# Dry start moss problem



## Cieran Johnson (15 Oct 2016)

I've just started a new aquascape using the dry start method. I blended moss with water and natural yoghurt and painted it onto my wood. I'm misting the moss with water with fertiliser in and covering the tank with cling film.

I'm having to remove the cling film and mist the tank 3, 4 even 5 times daily as the moss in some parts seems to be drying out quickly?

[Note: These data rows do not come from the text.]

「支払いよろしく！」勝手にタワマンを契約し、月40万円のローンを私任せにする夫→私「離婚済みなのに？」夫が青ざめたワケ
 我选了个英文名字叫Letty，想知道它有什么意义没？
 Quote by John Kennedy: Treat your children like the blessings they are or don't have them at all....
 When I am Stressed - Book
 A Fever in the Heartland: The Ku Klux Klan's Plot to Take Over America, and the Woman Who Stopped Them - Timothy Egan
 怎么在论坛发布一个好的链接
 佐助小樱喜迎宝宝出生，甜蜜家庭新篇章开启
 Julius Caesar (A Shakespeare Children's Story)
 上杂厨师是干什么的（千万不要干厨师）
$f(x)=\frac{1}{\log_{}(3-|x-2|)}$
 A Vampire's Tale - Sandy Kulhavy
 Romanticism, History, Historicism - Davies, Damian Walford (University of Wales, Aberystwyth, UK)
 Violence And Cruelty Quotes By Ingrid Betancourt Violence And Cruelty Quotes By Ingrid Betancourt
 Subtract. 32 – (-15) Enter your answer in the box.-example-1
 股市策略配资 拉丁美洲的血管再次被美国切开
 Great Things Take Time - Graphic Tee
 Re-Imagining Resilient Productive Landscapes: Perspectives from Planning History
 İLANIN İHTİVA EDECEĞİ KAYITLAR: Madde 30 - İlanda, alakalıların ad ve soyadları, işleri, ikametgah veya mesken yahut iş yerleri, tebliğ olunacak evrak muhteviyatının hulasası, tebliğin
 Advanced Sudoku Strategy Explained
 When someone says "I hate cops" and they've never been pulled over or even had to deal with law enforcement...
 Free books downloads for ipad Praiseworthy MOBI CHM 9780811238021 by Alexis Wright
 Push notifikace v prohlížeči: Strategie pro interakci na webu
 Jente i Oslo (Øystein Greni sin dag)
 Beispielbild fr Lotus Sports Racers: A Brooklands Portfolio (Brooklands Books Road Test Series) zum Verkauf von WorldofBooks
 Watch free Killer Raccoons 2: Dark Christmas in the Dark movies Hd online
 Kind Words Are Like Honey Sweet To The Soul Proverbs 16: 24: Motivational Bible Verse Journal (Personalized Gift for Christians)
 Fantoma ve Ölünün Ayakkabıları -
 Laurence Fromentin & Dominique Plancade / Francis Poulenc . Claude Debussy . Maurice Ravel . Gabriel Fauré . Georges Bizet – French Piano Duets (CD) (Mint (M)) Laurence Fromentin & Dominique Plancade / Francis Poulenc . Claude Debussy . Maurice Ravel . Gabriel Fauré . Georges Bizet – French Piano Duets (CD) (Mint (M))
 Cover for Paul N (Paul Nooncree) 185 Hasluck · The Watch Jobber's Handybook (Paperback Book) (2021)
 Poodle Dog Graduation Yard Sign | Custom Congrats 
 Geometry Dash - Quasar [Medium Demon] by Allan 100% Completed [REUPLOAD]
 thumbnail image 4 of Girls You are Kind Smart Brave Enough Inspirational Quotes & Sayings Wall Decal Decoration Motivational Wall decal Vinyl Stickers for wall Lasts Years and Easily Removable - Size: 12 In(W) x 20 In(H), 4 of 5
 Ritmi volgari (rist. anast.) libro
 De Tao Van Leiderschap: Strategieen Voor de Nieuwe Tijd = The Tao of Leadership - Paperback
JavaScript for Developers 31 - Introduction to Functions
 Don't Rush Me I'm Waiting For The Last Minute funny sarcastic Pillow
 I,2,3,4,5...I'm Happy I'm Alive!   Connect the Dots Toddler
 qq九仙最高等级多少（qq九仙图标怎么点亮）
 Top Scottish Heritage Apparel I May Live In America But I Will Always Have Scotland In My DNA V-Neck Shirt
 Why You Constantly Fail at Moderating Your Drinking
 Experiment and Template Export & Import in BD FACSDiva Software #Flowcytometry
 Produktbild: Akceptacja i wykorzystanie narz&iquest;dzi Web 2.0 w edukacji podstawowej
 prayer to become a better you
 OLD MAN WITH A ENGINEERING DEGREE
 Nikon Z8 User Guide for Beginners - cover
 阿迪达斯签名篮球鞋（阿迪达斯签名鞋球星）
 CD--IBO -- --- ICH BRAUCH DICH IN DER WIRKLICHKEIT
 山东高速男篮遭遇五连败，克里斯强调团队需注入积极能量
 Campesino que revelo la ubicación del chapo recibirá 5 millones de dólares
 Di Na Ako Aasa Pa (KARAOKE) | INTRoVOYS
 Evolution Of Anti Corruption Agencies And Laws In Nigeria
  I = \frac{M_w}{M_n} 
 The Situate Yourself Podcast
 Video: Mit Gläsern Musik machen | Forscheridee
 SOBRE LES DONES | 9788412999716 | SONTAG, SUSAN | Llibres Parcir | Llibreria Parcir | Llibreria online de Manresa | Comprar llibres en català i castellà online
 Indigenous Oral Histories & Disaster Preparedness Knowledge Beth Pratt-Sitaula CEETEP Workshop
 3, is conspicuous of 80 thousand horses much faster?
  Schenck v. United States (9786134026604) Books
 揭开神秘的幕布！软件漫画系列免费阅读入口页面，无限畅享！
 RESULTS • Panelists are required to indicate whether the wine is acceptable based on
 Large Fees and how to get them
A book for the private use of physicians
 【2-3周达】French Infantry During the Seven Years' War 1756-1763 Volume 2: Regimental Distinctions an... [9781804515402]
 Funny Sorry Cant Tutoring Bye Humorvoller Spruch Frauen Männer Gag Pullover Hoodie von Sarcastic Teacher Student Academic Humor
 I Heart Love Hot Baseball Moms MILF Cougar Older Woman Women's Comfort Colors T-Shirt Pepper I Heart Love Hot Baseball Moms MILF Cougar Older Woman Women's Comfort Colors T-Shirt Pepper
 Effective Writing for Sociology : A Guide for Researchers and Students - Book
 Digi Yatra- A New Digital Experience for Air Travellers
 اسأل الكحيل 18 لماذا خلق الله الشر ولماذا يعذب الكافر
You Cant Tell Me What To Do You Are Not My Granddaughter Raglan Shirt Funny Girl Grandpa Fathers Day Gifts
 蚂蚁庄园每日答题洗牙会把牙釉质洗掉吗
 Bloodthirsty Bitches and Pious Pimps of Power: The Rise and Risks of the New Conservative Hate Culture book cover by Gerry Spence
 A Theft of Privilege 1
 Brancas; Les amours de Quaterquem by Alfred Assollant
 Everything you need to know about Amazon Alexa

Is something wrong or is this normal?


----------



## foxfish (15 Oct 2016)

You might not have enough humidity in the tank, opening the top 5 times a day wont help but adding a heat source inside will.
You need really high humidity, as long as you have some water in the tank & the top is sealed it will be humid but if you keep the tank warmer than the surrounding air, you will get maximum effect.


----------



## Staticrzr (15 Oct 2016)

and how to keep warm inside the tank?


----------



## dw1305 (15 Oct 2016)

Hi all, 





Cieran Johnson said:


> I'm misting the moss with water with fertiliser in


I'd probably stop adding the fertiliser, mosses don't need it and it may be causing osmotic burn. 





foxfish said:


> You need really high humidity, as long as you have some water in the tank & the top is sealed it will be humid but if you keep the tank warmer than the surrounding air, you will get maximum effect.


Dry start method is a bit of a misnomer, it is wet start method but without the water covering the plants.





Staticrzr said:


> and how to keep warm inside the tank?


Sit it on a heat mat, they sell them for "<vivariums">. It can be a low wattage, you just need the internal temperature to be warmer than the ambient temperature.

cheers Darrel


----------